Fry, turning occasionally until the zeppole are golden brown, about 4 minutes per batch.   Remove with a slotted spoon and transfer to a paper-towel lined plate to cool slightly.  Sift powdered sugar over the zeppole or shake them with the sugar in a paper bag.



  1. I will not make this recipe
    I will not make this recipe
    I will not make this recipe
    I will not make this recipe
    I will not make this recipe
    I will not make this recipe
    I will not make this recipe
    I will not make this recipe
    I will not make this recipe

    But OMG they look good…

    Comment by NorCal Cazadora — May 11, 2011 @ 10:25 pm

  2. We are planning the donut-birthday-party for this weekend! I won’t be making homemade ones, though …

    Comment by Katherine — May 12, 2011 @ 9:06 am

  3. Thanks for the sweet walk down memory lane, Nishta! In my Italian-American family, with most of my parents’ generation and all of my grandparents born in Italy, zeppole were a much-loved dessert. We called them sfingi, and my great-aunt made the BEST!! There was always a big platter of them at special occasion parties. She deep-fried them….oh, they were wonderful and light as air. There used to be a Mandola restaurant on the Katy Freeway that closed years ago. They served zeppole, and they were good, but not as good as my Aunt’s. I don’t know if I’ll ever try today’s recipe, but I have SO enjoyed all the lovely family memories it has brought back to me! BTW, I can so relate to your musings on the food/weight/body image issues! How did you get inside my head??

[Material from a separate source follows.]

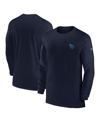 NIKE MEN'S NIKE NAVY TENNESSEE TITANS SIDELINE COACH PERFORMANCE LONG SLEEVE T-SHIRT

    Comment by Terri Turilli — May 12, 2011 @ 8:21 pm

  4. Body image in young women…. now there is a tender morsel of issues!
    I was put on weight watchers a an early age, I lost my pudginess but little did my mom (with the best intentions) know that counting calories at a young age could create some serious body image issues. In my early 20’s i delved full fledged into anorexia. I was primed in counting calories and no matter how many miles I ran I knew that I should consume no more than 800 calories…. okay…. I will spare you the details but I just want to tell you a thank you from the bottom of my heart to not spread these false and obscure bod images onto our children. We need to change the paradigm into a healthy and self satisfying image.
    Food should be enjoyed and a pleasure not a source of guilt, self doubt and turmoil.
    Each of us can do our part and be the change we would like to see.

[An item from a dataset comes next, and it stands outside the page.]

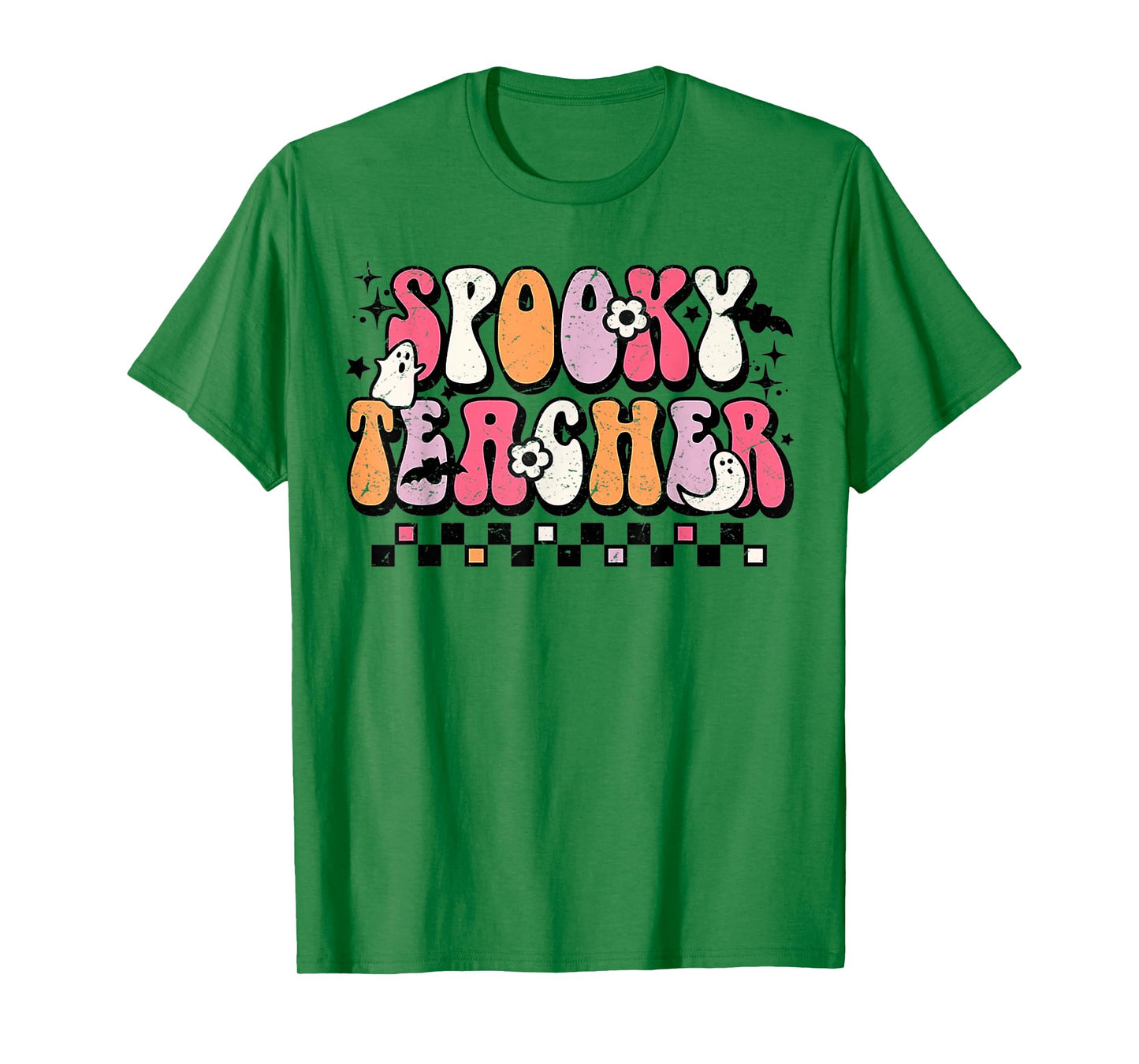 Funny Spooky Season Retro Spooky Teacher Halloween Costume T-Shirt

    Comment by Michelle — May 15, 2011 @ 12:07 am

  5. I struggle every day to model good behaviour to my student’s and suppress the “crazy girl” inside me saying that I shouldn’t like food, I should be working out more etc…Especially now that spring is upon us and every girl I encounter is single mindedly thinking about how they are going to look in a bikini this summer.
    Hopefully what we do everyday will help to counteract the screwed up messages they are getting from others.
    Wonderful post and amazing zeppole.

    Comment by Alyssa — May 15, 2011 @ 4:47 pm

  6. I’m so blessed by each of your responses to this post, for so many different (but equally compelling) reasons!

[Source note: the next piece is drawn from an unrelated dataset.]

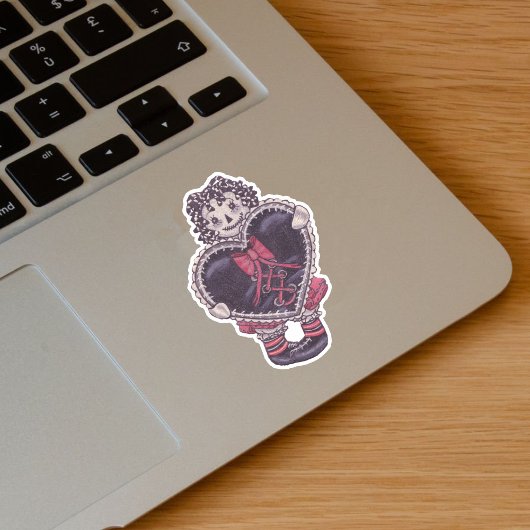 Spooky Rag Doll Yarn Hair Big Black Heart Red Bow Sticker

    NorCal Cazadora–given how much I respect you & your point of view, it’s a thrill to have had you comment here. (and you should totally make these!)

    K–hope the donut party was a success! happy to make some homemade ones for my boys this summer.

    Terri–I’m so thrilled to have been a conduit for such powerful family/food (aren’t they the same thing?) memories. I don’t know if these zeppole would match what’s in your memory, but it might be fun to try! as for being in your head–just glad to have good company there.

    Michelle–wow. thank you for your perspective. I hesitated a bit to write this post, but I’m so glad I did. I appreciate you sharing so honestly.

    Alyssa–hopefully our mindfulness about not passing on craziness to our kids will help us feel a little less crazy inside, ourselves. thank you so much for your comment!